At the beginning of the 1960s, he was invited by the rector Edgard Santos to become director of the Institute of Mathematics and Physics at the Federal University of Bahia. After retiring as a professor at USP, he moved to Salvador, where he took office in September 1963, replacing Rubens Lintz. He worked as a professor and director of the Institute until 1969. After the 1968 university reform, he became a full professor and coordinator of the Master's program at the Institute of Mathematics and Statistics of the Federal University of Bahia, until his compulsory retirement in 1976.

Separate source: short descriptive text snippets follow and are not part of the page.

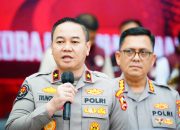 Kapolri Beri Kenaikan Pangkat Luar Biasa Anumerta kepada Bharatu Mardi Hadji.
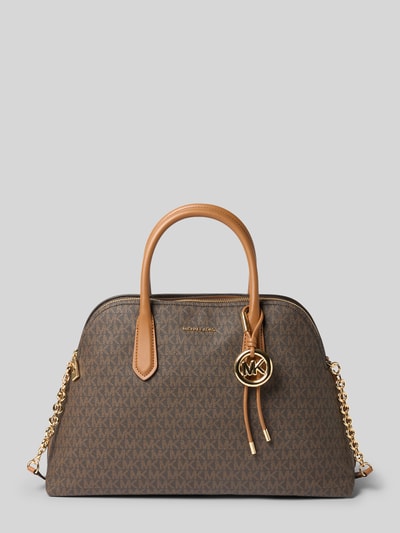 Produktfoto, Handtasche mit Logo-Muster Modell 'FREDDIE' von MICHAEL Michael Kors in Braun mit Label-Applikation, goldener Kette und Tragehenkel. Breite 40 cm, Länge 28 cm, Tiefe 15 cm, Hauptfach mit Reißverschluss, Länge Schulterriemen 102 cm.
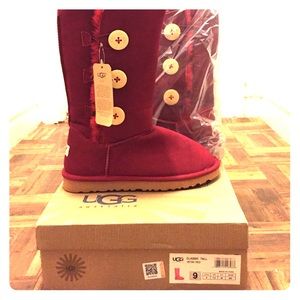 Brand New Button Classic Tall RED Ugg Boots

Omar Catunda was one of the main representatives and promoters of the mathematical school established at the University of São Paulo by Fantappiè. He died on August 12, 1986, in Salvador, at the age of 79.

== Relevance ==
He made an important contribution to the modernization of the teaching of calculus and mathematical analysis at USP, UFBA and other universities through his book Curso de Análise Matemática, as there were practically no calculus or analysis textbooks in Portuguese at the time. His concern to update the many subsequent editions of the book has ensured that it is still used today.

Catunda was a professor to renowned physicists such as Mário Schenberg, Marcelo Damy, Abrahão de Moraes, Jean Meyer and Roberto Salmeron, and mathematicians such as Carlos Benjamin de Lyra, Luiz Henrique Jacy Monteiro and Alexandre Augusto Martins Rodrigues.

=== Main published works ===
Although he didn't publish many works, Catunda's material remains used to this day as a source of research on Fantappiè's theory of analytic functionals carried out in Brazil and published in specialized international journals.

- Un teorema sugl'insiemi che si reconnette alla teoria dei funzionali analitici (1939);
- Sui Sistemi di Equazioni alle Variazioni Totali in Più Funzionali Incogniti (1941).

==== Didactic works ====
- Ensino Atualizado da Matemática 2° Ciclo (1971);
- Curso de Análise Matemática I (1954).